Already on GitHub? Sign in to your account

Infinite loop of MediaSoup errors #2169

Open
jpd236 opened this issue Jun 7, 2024 · 3 comments
Open

Infinite loop of MediaSoup errors #2169

jpd236 opened this issue Jun 7, 2024 · 3 comments

Comments

@jpd236
Copy link
Contributor

jpd236 commented Jun 7, 2024

My JR instance has been up for ~3 weeks.

Starting on 6/4 (two days after #2167 happened, with nothing else in between in the server logs), the logs started showing a repeated sequence like this:

2024-06-04T02:40:07.127Z mediasoup:ERROR:Channel [pid:54 ChannelMessageRegistrator::RegisterHandler() | throwing MediaSoupError: Channel request handler with ID c93bdf42-c7e6-4f63-b288-f8d9546165d2 already exists
2024-06-04T02:40:07.170Z mediasoup:ERROR:Channel [pid:54 Worker::HandleRequest() | throwing MediaSoupError: Channel request handler with ID c93bdf42-c7e6-4f63-b288-f8d9546165d2 already exists [method:transport.produceData]
2024-06-04T02:40:07.178Z mediasoup:WARN:Channel request failed [method:transport.produceData, id:53]: Channel request handler with ID c93bdf42-c7e6-4f63-b288-f8d9546165d2 already exists [method:transport.produceData]
2024-06-04T02:40:51.254Z mediasoup:ERROR:Channel [pid:54 ChannelMessageRegistrator::RegisterHandler() | throwing MediaSoupError: Channel request handler with ID c93bdf42-c7e6-4f63-b288-f8d9546165d2 already exists
2024-06-04T02:40:51.254Z mediasoup:ERROR:Channel [pid:54 Worker::HandleRequest() | throwing MediaSoupError: Channel request handler with ID c93bdf42-c7e6-4f63-b288-f8d9546165d2 already exists [method:transport.produceData]
2024-06-04T02:40:51.255Z mediasoup:WARN:Channel request failed [method:transport.produceData, id:71]: Channel request handler with ID c93bdf42-c7e6-4f63-b288-f8d9546165d2 already exists [method:transport.produceData]
2024-06-04T02:41:20.346Z mediasoup:ERROR:Channel [pid:54 ChannelMessageRegistrator::RegisterHandler() | throwing MediaSoupError: Channel request handler with ID c93bdf42-c7e6-4f63-b288-f8d9546165d2 already exists
2024-06-04T02:41:20.348Z mediasoup:ERROR:Channel [pid:54 Worker::HandleRequest() | throwing MediaSoupError: Channel request handler with ID c93bdf42-c7e6-4f63-b288-f8d9546165d2 already exists [method:transport.produceData]
2024-06-04T02:41:20.349Z mediasoup:WARN:Channel request failed [method:transport.produceData, id:88]: Channel request handler with ID c93bdf42-c7e6-4f63-b288-f8d9546165d2 already exists [method:transport.produceData]
2024-06-04T02:41:48.808Z mediasoup:ERROR:Channel [pid:54 ChannelMessageRegistrator::RegisterHandler() | throwing MediaSoupError: Channel request handler with ID c93bdf42-c7e6-4f63-b288-f8d9546165d2 already exists
2024-06-04T02:41:48.809Z mediasoup:ERROR:Channel [pid:54 Worker::HandleRequest() | throwing MediaSoupError: Channel request handler with ID c93bdf42-c7e6-4f63-b288-f8d9546165d2 already exists [method:transport.produceData]

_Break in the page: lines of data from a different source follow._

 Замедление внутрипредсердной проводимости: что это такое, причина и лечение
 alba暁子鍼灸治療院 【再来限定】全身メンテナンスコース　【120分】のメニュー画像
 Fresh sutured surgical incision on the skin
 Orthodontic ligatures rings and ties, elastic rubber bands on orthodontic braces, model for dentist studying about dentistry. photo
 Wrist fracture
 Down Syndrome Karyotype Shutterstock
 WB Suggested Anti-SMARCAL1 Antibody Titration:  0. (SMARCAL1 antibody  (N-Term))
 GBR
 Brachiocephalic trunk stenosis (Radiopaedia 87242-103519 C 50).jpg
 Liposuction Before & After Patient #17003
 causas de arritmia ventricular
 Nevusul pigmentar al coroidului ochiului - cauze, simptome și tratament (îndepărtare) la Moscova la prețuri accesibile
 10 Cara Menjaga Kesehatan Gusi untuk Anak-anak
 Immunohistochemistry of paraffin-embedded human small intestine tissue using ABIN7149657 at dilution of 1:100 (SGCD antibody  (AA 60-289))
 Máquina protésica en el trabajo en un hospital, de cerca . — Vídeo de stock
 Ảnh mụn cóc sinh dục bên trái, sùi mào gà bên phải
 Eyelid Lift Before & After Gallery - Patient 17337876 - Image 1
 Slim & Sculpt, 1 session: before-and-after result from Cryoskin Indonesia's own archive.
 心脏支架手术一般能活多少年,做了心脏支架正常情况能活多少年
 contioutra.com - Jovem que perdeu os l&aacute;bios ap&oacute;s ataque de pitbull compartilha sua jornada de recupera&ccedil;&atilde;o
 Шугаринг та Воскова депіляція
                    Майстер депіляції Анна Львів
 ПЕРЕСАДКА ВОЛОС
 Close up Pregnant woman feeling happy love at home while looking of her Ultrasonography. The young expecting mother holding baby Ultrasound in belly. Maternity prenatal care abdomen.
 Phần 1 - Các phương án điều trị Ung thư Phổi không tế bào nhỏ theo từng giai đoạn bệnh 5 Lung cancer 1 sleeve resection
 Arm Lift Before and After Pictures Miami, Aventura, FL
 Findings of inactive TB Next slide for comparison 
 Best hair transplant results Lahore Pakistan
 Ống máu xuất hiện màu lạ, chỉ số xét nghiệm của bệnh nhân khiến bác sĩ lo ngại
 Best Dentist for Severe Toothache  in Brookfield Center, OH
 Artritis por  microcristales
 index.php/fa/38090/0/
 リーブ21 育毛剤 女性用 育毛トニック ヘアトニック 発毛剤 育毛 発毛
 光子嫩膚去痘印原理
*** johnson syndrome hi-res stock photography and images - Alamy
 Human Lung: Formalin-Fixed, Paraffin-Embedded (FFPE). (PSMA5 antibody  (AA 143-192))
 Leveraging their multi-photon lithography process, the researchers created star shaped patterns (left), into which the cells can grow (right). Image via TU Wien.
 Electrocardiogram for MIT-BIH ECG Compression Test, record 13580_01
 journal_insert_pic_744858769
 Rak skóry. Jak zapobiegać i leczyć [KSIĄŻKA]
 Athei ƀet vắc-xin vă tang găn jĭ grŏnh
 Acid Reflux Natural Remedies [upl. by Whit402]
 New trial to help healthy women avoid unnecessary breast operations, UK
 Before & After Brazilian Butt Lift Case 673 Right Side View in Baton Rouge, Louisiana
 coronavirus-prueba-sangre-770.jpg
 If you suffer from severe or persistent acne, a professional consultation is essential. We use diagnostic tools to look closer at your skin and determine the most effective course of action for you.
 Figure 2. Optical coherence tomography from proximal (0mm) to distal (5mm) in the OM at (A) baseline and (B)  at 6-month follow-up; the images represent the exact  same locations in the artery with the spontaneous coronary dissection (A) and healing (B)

The IDs in the messages come and go, but each one appears tens of thousands of times.

Possibly unrelated, but this morning I got a flurry of MongoDB connection errors (MongoPoolClearedError, PoolClearedOnNetworkError, MongoServerSelectionError), and when I tried loading the site a little later it failed the first try and then was quite slow to come up, though it since recovered AFAICT aside from the log spam.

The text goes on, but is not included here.